● **Your goal**
Once the pictures are set aside, print the records that follow exactly as written.

● **The data**
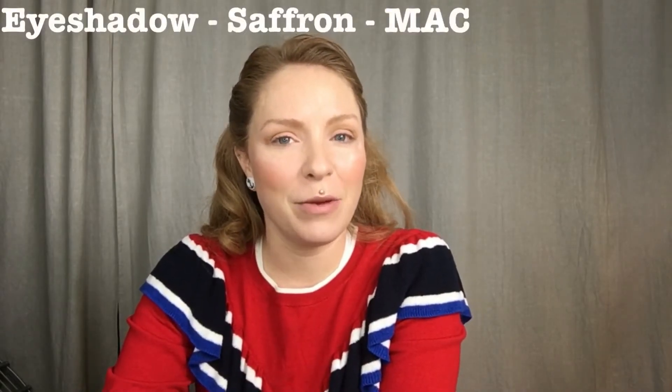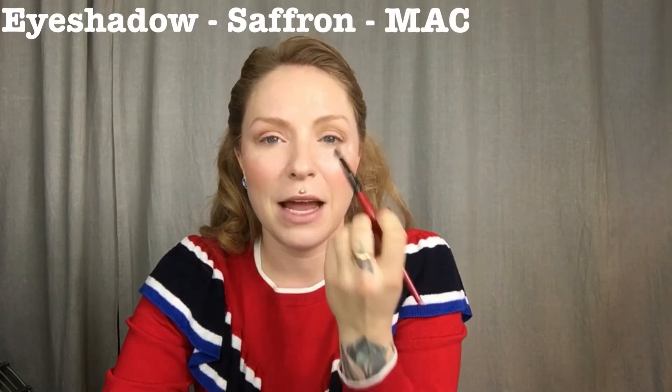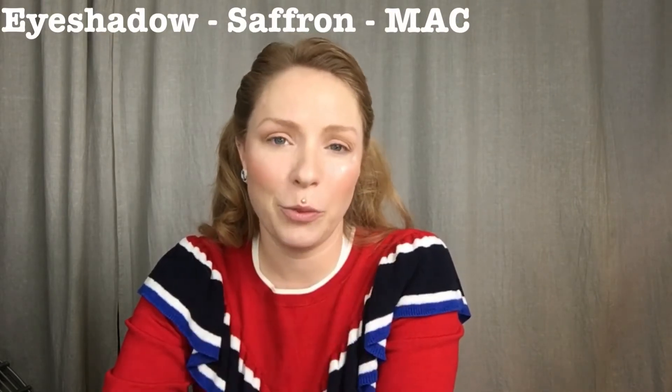For my third color I'm going to be using a color called Saffron by MAC. I'm just going to place that on the eyelid and blend it a little bit up into the crease.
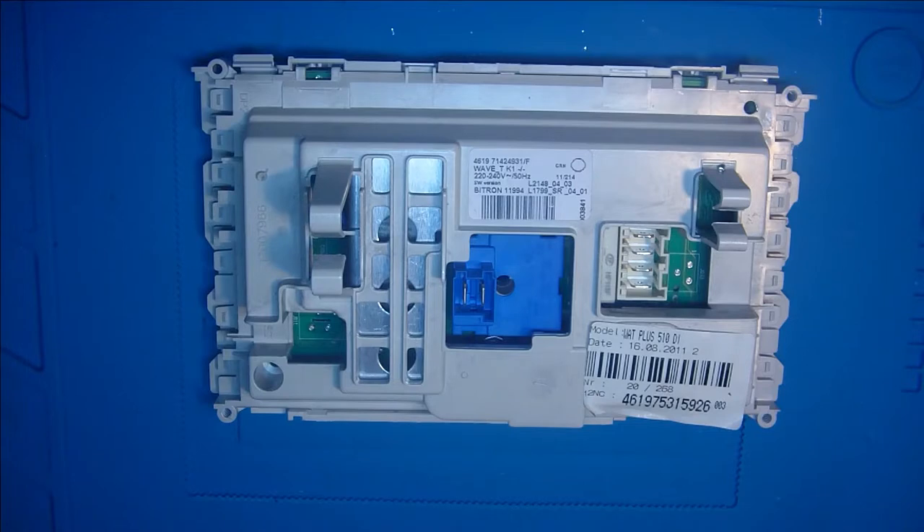Hallöchen. Vorab erstmal eine Sache: Das jetzt hier gezeigte im Video dient lediglich zur Anschauung und nicht zum Nachmachen. Geräte, die an 230 Volt betrieben werden, dürfen nur von qualifizierten Menschen geöffnet und repariert werden. Sie müssen das Fachwissen dazu haben oder eine geeignete Berufsausbildung oder Qualifizierung dafür haben. Darum dient dieses Video nur zur Anschauung und nicht zur Anleitung, wie ihr das machen könnt.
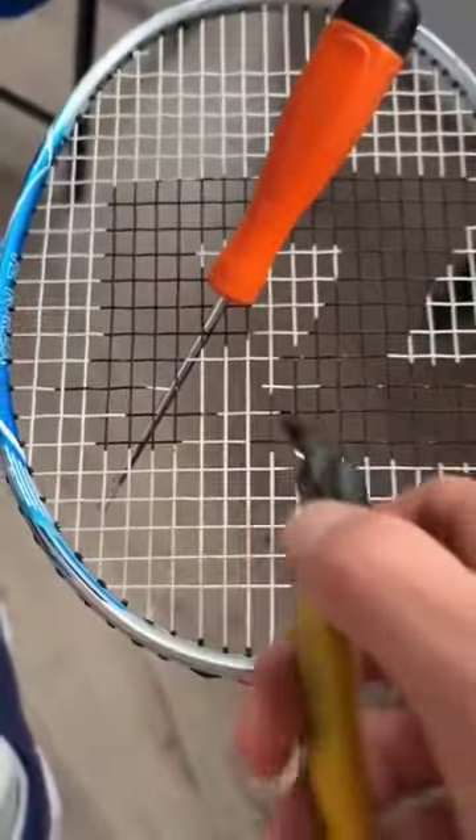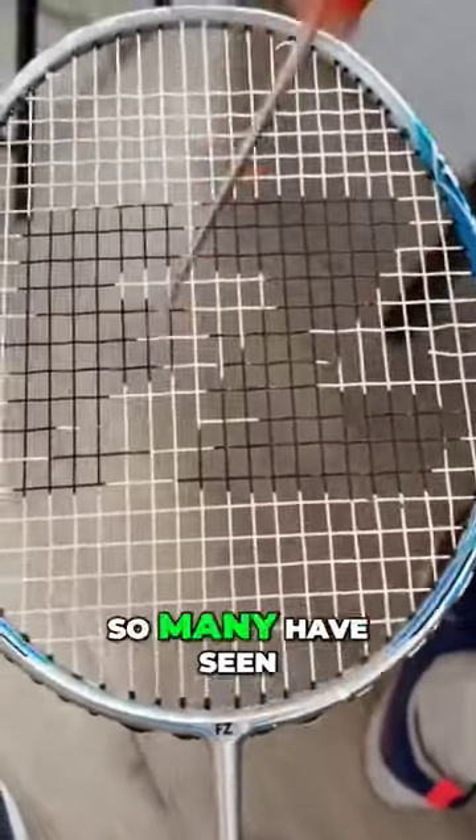Ever wondered why people cut their tennis strings? So many have seen videos of folks doing this on TikTok. The reason?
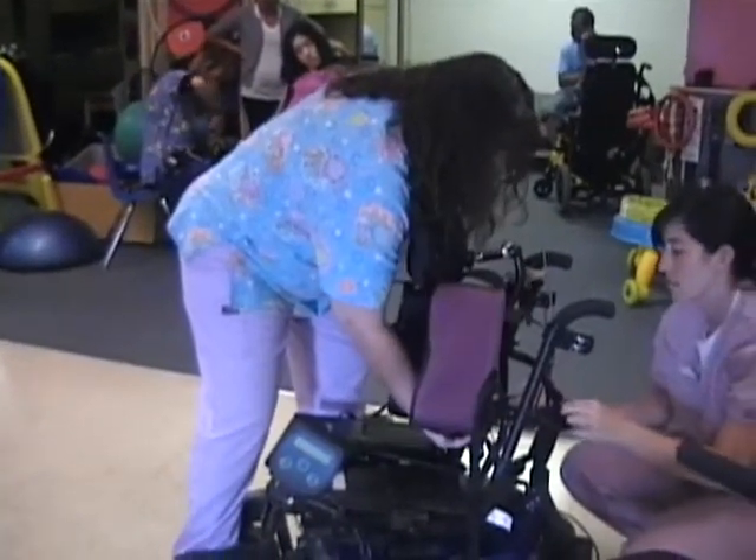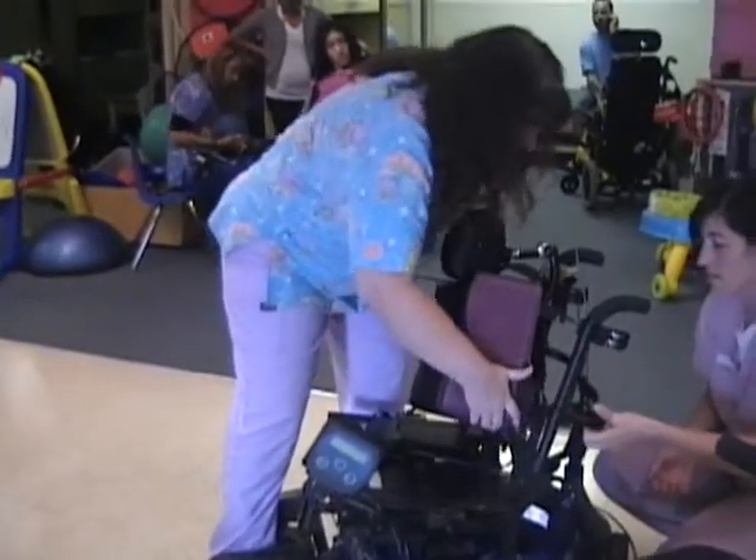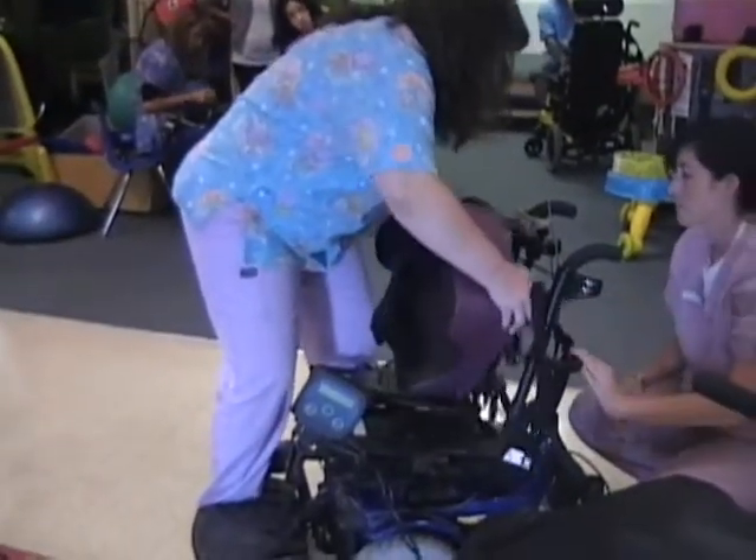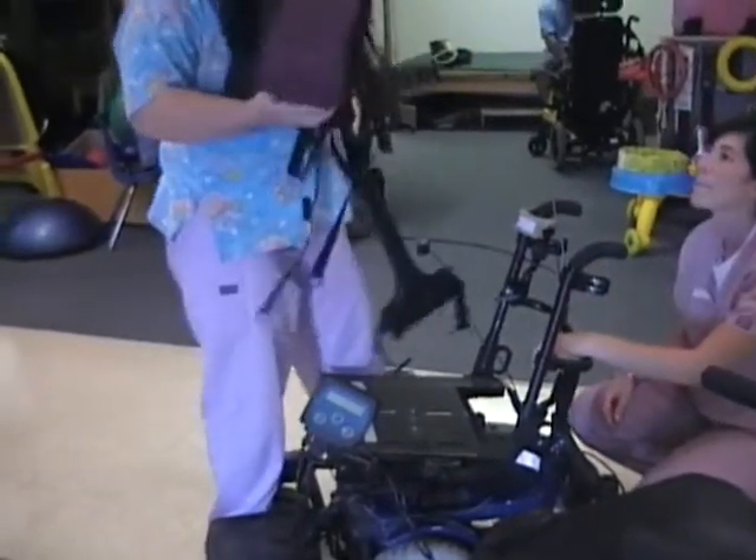This is Lori, Ariana's PT — Ariana's physical therapist — and she's putting the power chair together, which you can see is a little bit of work.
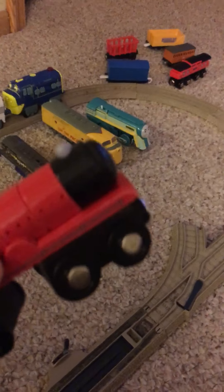I think it's another Polar Express — I don't know. But it's a tank engine.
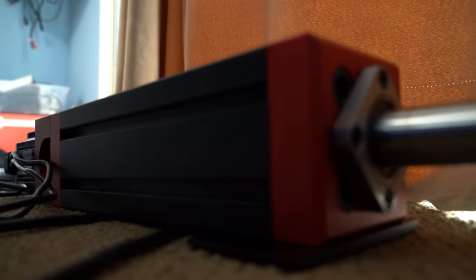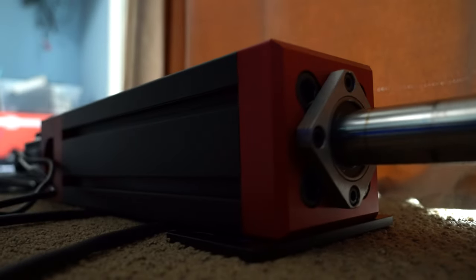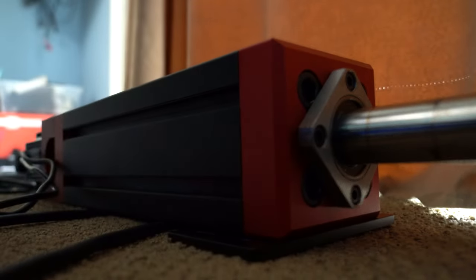I've taken the actuator off the rig, not touching the ground or anything. It's in the park position, so it's midway through the range, you can see there. And I'm going to go through it manually.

● **Output**
For my third color I'm going to be using a color called Saffron by MAC. I'm just going to place that on the eyelid and blend it a little bit up into the crease.
Hallöchen. Vorab erstmal eine Sache: Das jetzt hier gezeigte im Video dient lediglich zur Anschauung und nicht zum Nachmachen. Geräte, die an 230 Volt betrieben werden, dürfen nur von qualifizierten Menschen geöffnet und repariert werden. Sie müssen das Fachwissen dazu haben oder eine geeignete Berufsausbildung oder Qualifizierung dafür haben. Darum dient dieses Video nur zur Anschauung und nicht zur Anleitung, wie ihr das machen könnt.
Ever wondered why people cut their tennis strings? So many have seen videos of folks doing this on TikTok. The reason?
This is Lori, Ariana's PT — Ariana's physical therapist — and she's putting the power chair together, which you can see is a little bit of work.
I think it's another Polar Express — I don't know. But it's a tank engine.
I've taken the actuator off the rig, not touching the ground or anything. It's in the park position, so it's midway through the range, you can see there. And I'm going to go through it manually.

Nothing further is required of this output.